What you are asked to do:
Please retype, character for character, the portion of the entries below that runs from the line containing "[好料]平價超值好殼－IKONIK Transform M5台灣限定版！" to the last line.

Data supplied:
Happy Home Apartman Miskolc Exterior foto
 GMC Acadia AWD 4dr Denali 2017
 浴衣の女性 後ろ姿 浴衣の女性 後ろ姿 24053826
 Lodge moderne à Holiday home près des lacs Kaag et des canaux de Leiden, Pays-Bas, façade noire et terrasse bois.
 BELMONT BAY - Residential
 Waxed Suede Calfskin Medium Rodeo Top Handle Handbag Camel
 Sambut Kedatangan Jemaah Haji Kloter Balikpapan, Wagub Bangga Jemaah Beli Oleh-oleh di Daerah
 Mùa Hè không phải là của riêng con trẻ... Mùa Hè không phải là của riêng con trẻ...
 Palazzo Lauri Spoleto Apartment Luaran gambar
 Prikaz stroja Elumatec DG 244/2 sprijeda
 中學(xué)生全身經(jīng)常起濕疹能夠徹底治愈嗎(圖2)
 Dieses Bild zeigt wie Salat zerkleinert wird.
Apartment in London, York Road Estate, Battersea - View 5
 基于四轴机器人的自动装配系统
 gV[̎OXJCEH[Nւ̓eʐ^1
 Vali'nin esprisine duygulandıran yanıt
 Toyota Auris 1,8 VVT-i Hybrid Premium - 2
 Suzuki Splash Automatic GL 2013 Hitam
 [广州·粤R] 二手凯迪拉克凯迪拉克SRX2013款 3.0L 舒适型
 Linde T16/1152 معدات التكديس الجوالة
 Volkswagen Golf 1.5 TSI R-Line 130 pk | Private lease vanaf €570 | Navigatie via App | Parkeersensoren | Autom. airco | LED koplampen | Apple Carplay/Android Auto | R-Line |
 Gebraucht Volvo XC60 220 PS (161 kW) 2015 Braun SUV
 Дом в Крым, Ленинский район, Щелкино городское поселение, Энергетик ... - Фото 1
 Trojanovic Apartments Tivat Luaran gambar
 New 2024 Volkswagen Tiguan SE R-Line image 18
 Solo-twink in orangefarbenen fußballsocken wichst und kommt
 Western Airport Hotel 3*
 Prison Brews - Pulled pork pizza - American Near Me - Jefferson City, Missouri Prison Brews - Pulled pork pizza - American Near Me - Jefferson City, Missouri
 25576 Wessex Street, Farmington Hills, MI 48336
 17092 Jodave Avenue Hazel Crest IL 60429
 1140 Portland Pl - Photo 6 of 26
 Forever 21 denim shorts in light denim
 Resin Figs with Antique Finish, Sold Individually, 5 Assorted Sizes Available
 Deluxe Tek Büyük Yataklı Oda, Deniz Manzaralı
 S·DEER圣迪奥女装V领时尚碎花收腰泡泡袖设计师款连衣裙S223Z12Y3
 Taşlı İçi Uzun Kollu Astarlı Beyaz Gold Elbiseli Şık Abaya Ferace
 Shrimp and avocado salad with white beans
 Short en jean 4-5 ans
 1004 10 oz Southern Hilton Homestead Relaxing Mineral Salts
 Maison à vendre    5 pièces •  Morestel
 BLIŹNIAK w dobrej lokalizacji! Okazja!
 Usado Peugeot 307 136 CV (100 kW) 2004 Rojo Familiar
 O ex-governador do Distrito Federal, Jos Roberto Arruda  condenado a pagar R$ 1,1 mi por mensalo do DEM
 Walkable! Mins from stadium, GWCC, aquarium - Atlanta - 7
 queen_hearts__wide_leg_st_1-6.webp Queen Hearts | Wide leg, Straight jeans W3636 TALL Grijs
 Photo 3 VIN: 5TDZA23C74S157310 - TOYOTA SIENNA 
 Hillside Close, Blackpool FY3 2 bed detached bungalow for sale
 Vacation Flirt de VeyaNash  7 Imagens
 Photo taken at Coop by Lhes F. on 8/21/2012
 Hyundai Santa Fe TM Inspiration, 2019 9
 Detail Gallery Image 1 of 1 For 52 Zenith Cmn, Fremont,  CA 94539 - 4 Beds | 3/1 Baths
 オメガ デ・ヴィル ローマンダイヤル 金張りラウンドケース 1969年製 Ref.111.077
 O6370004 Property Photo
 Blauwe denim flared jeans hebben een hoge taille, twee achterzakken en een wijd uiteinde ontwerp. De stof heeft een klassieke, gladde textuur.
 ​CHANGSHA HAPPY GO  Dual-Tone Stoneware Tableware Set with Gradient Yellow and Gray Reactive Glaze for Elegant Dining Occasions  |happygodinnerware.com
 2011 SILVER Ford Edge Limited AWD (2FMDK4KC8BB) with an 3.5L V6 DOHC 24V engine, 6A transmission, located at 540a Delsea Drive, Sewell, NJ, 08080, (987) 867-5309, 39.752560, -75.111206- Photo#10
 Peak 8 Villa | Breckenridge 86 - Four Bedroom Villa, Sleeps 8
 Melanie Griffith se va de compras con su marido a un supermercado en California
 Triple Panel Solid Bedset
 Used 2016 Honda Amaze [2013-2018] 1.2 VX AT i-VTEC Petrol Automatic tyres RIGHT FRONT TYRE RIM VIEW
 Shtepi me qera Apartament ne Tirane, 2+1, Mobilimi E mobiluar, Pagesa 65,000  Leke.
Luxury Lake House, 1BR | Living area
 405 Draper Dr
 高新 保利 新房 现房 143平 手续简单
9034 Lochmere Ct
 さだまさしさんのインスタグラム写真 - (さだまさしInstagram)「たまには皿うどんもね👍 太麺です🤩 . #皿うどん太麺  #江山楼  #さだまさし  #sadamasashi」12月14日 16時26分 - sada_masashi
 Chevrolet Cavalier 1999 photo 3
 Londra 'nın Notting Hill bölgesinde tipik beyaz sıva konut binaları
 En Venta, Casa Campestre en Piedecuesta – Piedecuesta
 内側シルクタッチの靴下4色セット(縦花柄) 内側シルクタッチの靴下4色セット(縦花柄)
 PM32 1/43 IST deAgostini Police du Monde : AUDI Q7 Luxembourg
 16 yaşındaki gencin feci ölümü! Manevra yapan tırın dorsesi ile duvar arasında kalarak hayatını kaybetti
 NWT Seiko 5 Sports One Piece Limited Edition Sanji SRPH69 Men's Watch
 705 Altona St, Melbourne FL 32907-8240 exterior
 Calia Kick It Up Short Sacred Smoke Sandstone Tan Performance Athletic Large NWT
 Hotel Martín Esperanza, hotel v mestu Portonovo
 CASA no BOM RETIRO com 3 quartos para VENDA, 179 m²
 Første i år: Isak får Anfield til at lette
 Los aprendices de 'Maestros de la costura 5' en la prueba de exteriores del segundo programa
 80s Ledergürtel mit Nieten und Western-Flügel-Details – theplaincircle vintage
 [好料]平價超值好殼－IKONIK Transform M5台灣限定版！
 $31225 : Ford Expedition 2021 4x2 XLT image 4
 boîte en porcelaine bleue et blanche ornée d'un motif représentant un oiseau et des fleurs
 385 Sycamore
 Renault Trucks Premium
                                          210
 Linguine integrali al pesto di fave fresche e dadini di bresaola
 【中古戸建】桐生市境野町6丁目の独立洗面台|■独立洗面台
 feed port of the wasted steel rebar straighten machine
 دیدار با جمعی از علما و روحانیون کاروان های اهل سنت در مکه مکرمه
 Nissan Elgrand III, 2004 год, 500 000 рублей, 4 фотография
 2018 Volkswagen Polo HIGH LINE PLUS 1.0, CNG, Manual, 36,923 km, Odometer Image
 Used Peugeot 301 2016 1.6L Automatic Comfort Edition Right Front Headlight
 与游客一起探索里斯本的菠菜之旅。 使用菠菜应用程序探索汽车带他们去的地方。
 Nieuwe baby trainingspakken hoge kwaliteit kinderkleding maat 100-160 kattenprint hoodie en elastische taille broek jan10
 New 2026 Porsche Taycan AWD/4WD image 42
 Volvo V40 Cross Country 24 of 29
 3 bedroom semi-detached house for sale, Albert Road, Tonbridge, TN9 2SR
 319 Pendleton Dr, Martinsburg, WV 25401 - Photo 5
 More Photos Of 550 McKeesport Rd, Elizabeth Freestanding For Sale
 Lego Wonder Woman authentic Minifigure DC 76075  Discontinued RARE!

Answer section:
 [好料]平價超值好殼－IKONIK Transform M5台灣限定版！
 $31225 : Ford Expedition 2021 4x2 XLT image 4
 boîte en porcelaine bleue et blanche ornée d'un motif représentant un oiseau et des fleurs
 385 Sycamore
 Renault Trucks Premium
                                          210
 Linguine integrali al pesto di fave fresche e dadini di bresaola
 【中古戸建】桐生市境野町6丁目の独立洗面台|■独立洗面台
 feed port of the wasted steel rebar straighten machine
 دیدار با جمعی از علما و روحانیون کاروان های اهل سنت در مکه مکرمه
 Nissan Elgrand III, 2004 год, 500 000 рублей, 4 фотография
 2018 Volkswagen Polo HIGH LINE PLUS 1.0, CNG, Manual, 36,923 km, Odometer Image
 Used Peugeot 301 2016 1.6L Automatic Comfort Edition Right Front Headlight
 与游客一起探索里斯本的菠菜之旅。 使用菠菜应用程序探索汽车带他们去的地方。
 Nieuwe baby trainingspakken hoge kwaliteit kinderkleding maat 100-160 kattenprint hoodie en elastische taille broek jan10
 New 2026 Porsche Taycan AWD/4WD image 42
 Volvo V40 Cross Country 24 of 29
 3 bedroom semi-detached house for sale, Albert Road, Tonbridge, TN9 2SR
 319 Pendleton Dr, Martinsburg, WV 25401 - Photo 5
 More Photos Of 550 McKeesport Rd, Elizabeth Freestanding For Sale
 Lego Wonder Woman authentic Minifigure DC 76075  Discontinued RARE!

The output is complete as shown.